▶ AIM OF THE EXERCISE: Exact copy, no pictures: every line from the one that contains "Полотенце махровое, размер" through the end of the data below, and nothing else.

[RECORDS FOR THE EXERCISE — start]

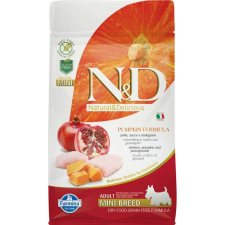 N&D Dog Grain Free csirke&gránátalma sütőtökkel adult mini 800gr macskaeledel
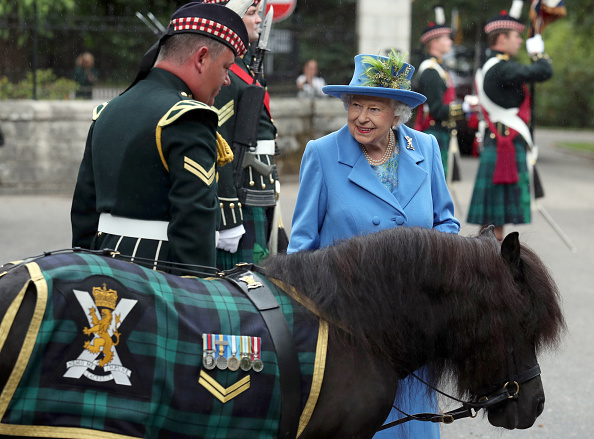 Queen summer residence at Balmoral 2018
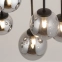 Nowoczesna lampa sufitowa z szarymi kulami SIG 33500 z serii TULIA - 3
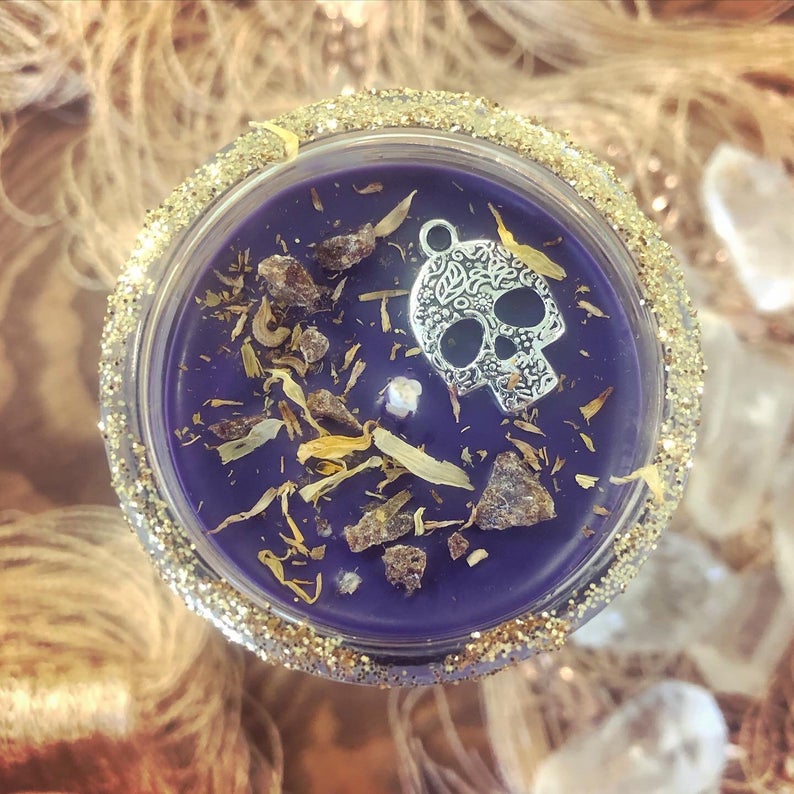 Day of the Dead Ancestor Offering Magic Spell Candle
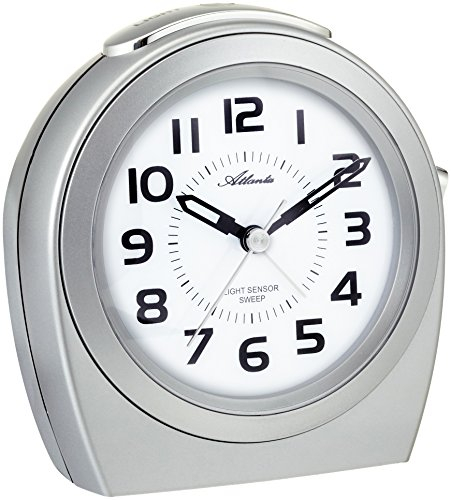 Atlanta Wecker Analog Silber 1668-19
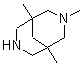 structure of CAS# 169177-35-9, 1,3,5-Trimethyl-3,7-Diazabicyclo[3.3.1]Nonane;(1R,5S)-1,3,5-trimethyl-3,7-diazabicyclo[3.3.1]nonane;1,3,5-trimethyl-3,7-diazabicyclo[3.3.1]nonane;1,3,5-Trimethyl-3,7-diaza-bicyclo[3.3.1]nonane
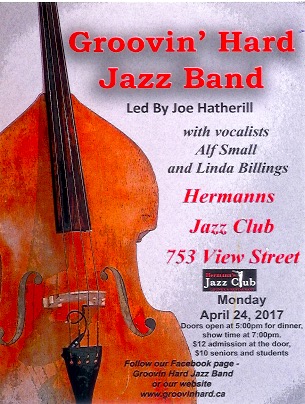 Groovin Hard at Hermann's @ Hermann's Jazz Club Apr 24 2017 - Jun 7th @ Hermann's Jazz Club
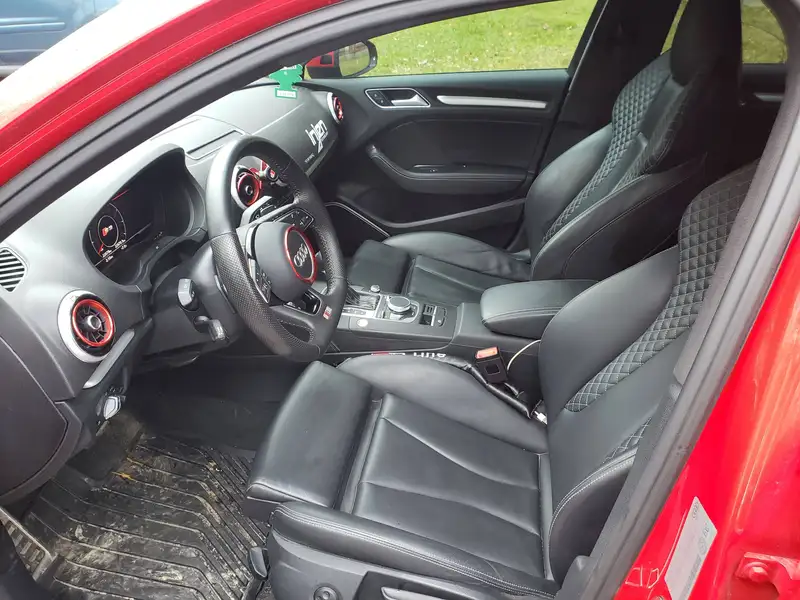 2017 Audi S3 Technik, červená, 73 000 km, dovoz Kanada — foto 5 z 12
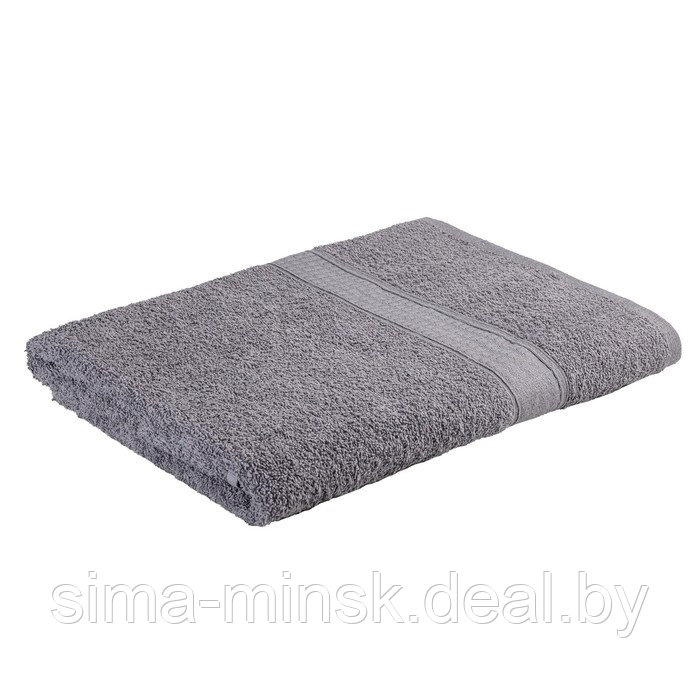 Полотенце махровое, размер 50x90 см, цвет серый - фото 1 - id-p206437076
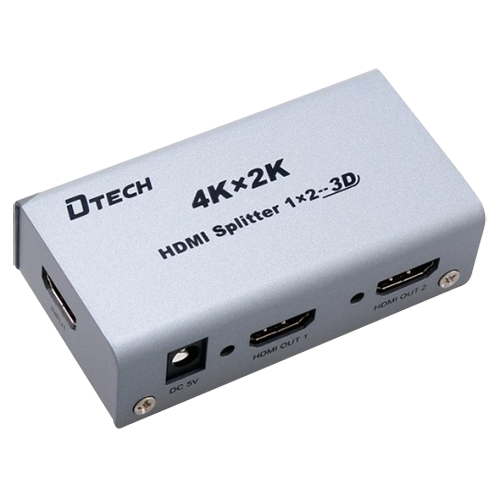 CCTV & Alarmas Splitter de señal HDMI Permite 1:4 HDMI-SPLITTER-2-4K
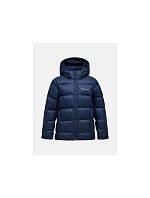 Bunda PEAK PERFORMANCE Jr Frost Down Puffer Jacket, tmavomodrá Bunda PEAK PERFORMANCE Jr Frost Down Puffer Jacket, tmavomodrá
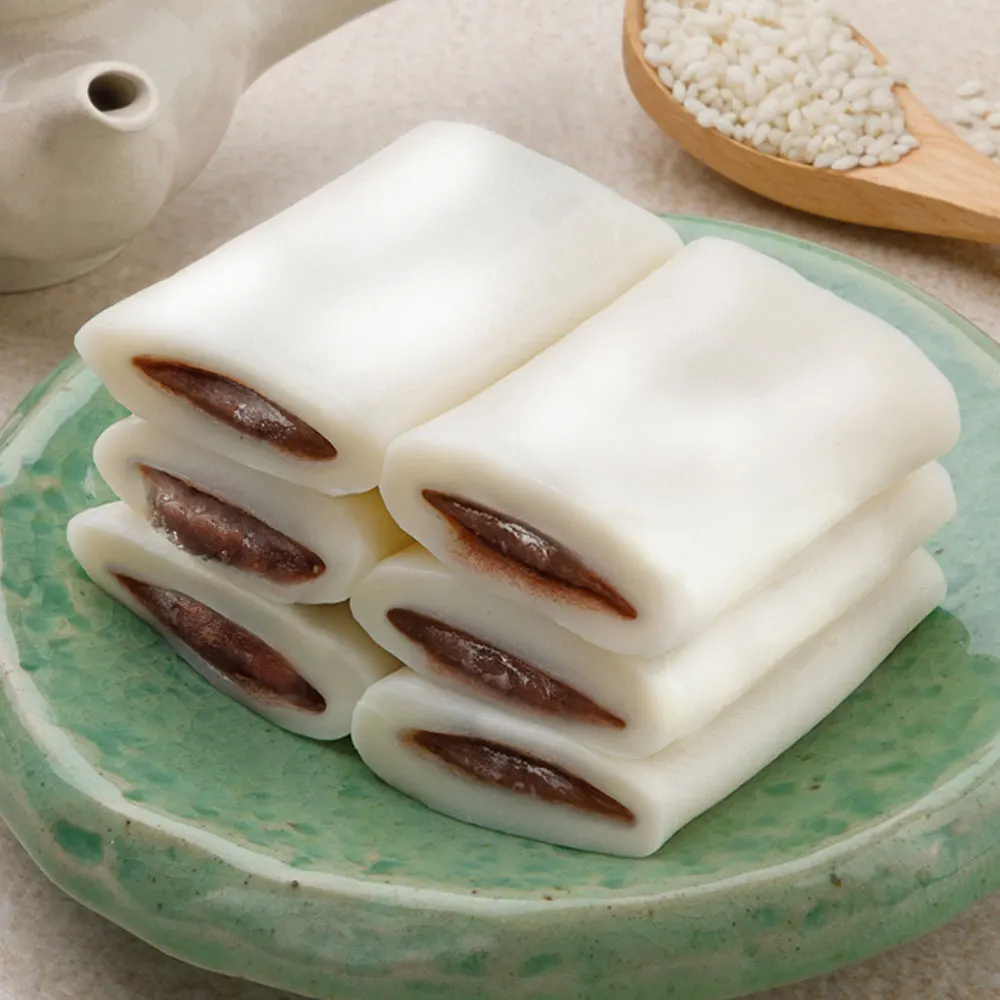 Sirujoa Rice Cake /1+1 of Paste Rice Cake / The Sweet Red Bean Rice Cake Slices / RiceCake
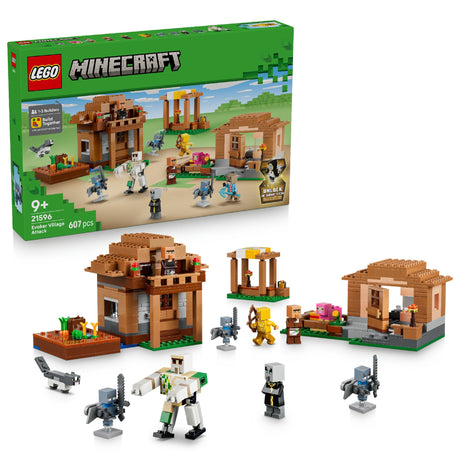 LEGO 21596 MINECRAFT THE VILLIAGE BATTLE AGE: 9+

[RECORDS FOR THE EXERCISE — finish]

▶ ANSWER BOX:
 Полотенце махровое, размер 50x90 см, цвет серый - фото 1 - id-p206437076
 CCTV & Alarmas Splitter de señal HDMI Permite 1:4 HDMI-SPLITTER-2-4K
 Bunda PEAK PERFORMANCE Jr Frost Down Puffer Jacket, tmavomodrá Bunda PEAK PERFORMANCE Jr Frost Down Puffer Jacket, tmavomodrá
 Sirujoa Rice Cake /1+1 of Paste Rice Cake / The Sweet Red Bean Rice Cake Slices / RiceCake
 LEGO 21596 MINECRAFT THE VILLIAGE BATTLE AGE: 9+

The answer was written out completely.